|FrightFest Review: Final Destination 5|
|Written by Ivan Radford|
|Thursday, 25 August 2011 08:27|
Director: Steven Quale
There's nothing quite like waiting for a horrifically drawn-out death to unfold. The introduction of the key props. The gas cooker. The staple gun. The unfortunately misplaced meat cleaver. The unwitting victim walking into the middle of the death trap. The ironic comment as they slip on the unseen puddle of water...
There's nothing like it. It's why people love the long-running series of Casualty. And Final Destination 5? It's like watching the opening of Casualty on repeat for 90 minutes. And then some.
Some will be sick of the same-old formula in the franchise's fourth sequel. They're fools. The secret of Final Destination is that its set-up is so simple that any time spent on exposition can be replaced with something more worthwhile. Like even more horrifically drawn-out deaths.
And boy do those deaths know how to dead people. From an anatomically dubious gymnastics accident to a carefully positioned boat under a bridge, director Steven Quale takes a disturbing amount of pleasure from building up to each final blood-splattered dispatch. It's a blunt, messy full stop that gets applause from an audience every time. Even the 3D is amusingly naff, particularly during the credits - 3D should only be allowed for Werner Herzog cave documentaries and Final Destination sequels.
Of course, there's no point reciting character names, but the cast is at least more familiar this time round - Emma Bell, Miles Fisher, and Nicholas D'Agosto acquit thenselves well, while David Koechner provides a fair amount of inappropriate comic relief.
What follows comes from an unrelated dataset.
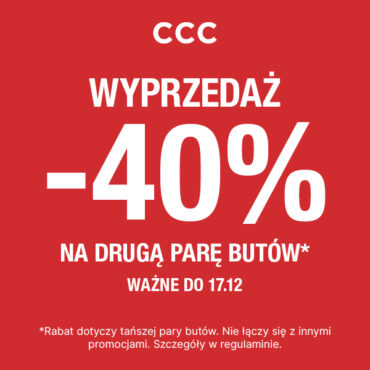 Wyprzedaż -40% NA DRUGĄ PARĘ BUTÓW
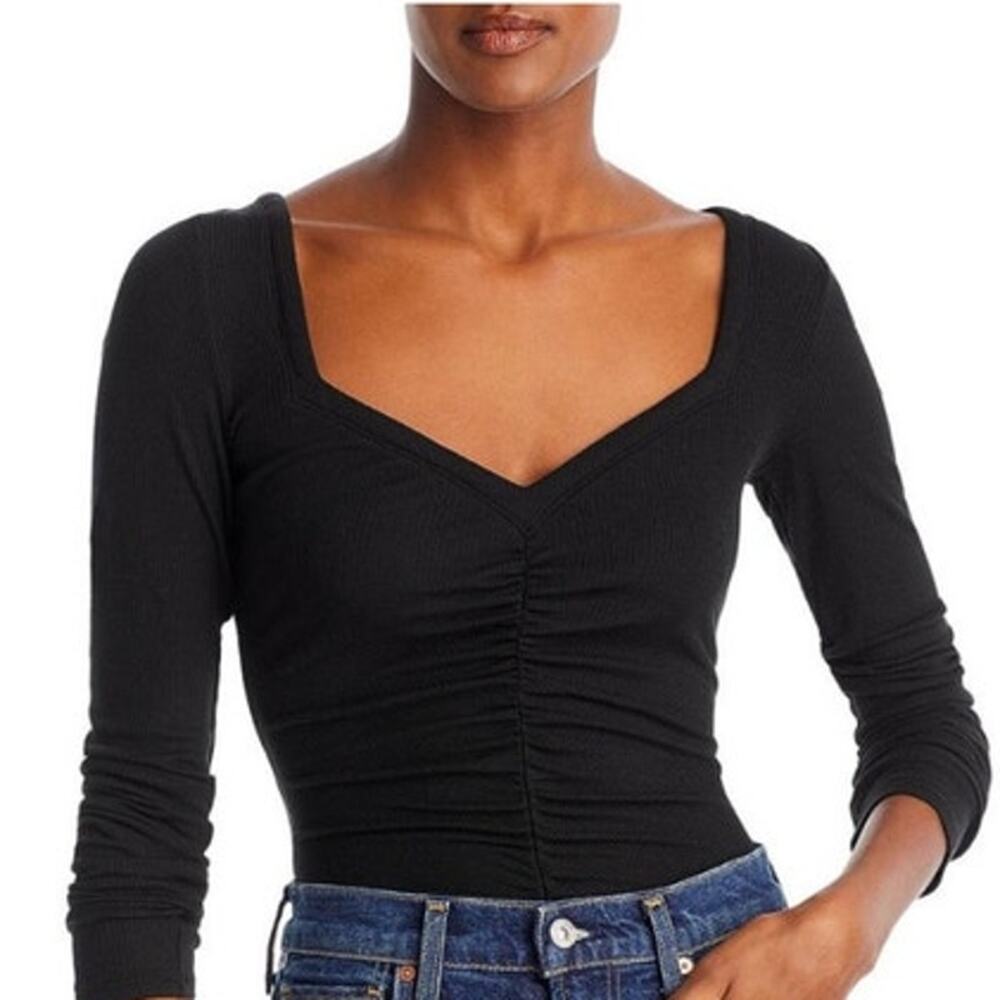 PAIGE Annalisa Long Sleeve Ruched‎ Top in Black Size XS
The ensemble isn't emotionally engaging but they all make for great meat bags.
What's striking is how clever Final Destination 5 is when playing with its bags of meat. Where the last film was trashy with its post-modern set piece in an exploding cinema, the self-aware streak here leads to a neat twist upon the original system. None of that life-beats-death malarkey from Final Destination 2. Here, death is death. And only that creepy black dude (Tony Todd) from the first film can tell you otherwise.
The result is a tense piece of drivel that relies not only upon the looming destruction for its suspense (one scene at an eye doctor's is excruciating) but also on the interaction between characters. It leads to a surprisingly mature (but satisfyingly dumb) final act and an inspired ending, which should please fans hoping for a more original form of popcorn fodder. For everyone else, there's always Casualty.
Final Destination 5 finds its form in a gory marriage of blood and brains. The best of the series? Yeah, go on then.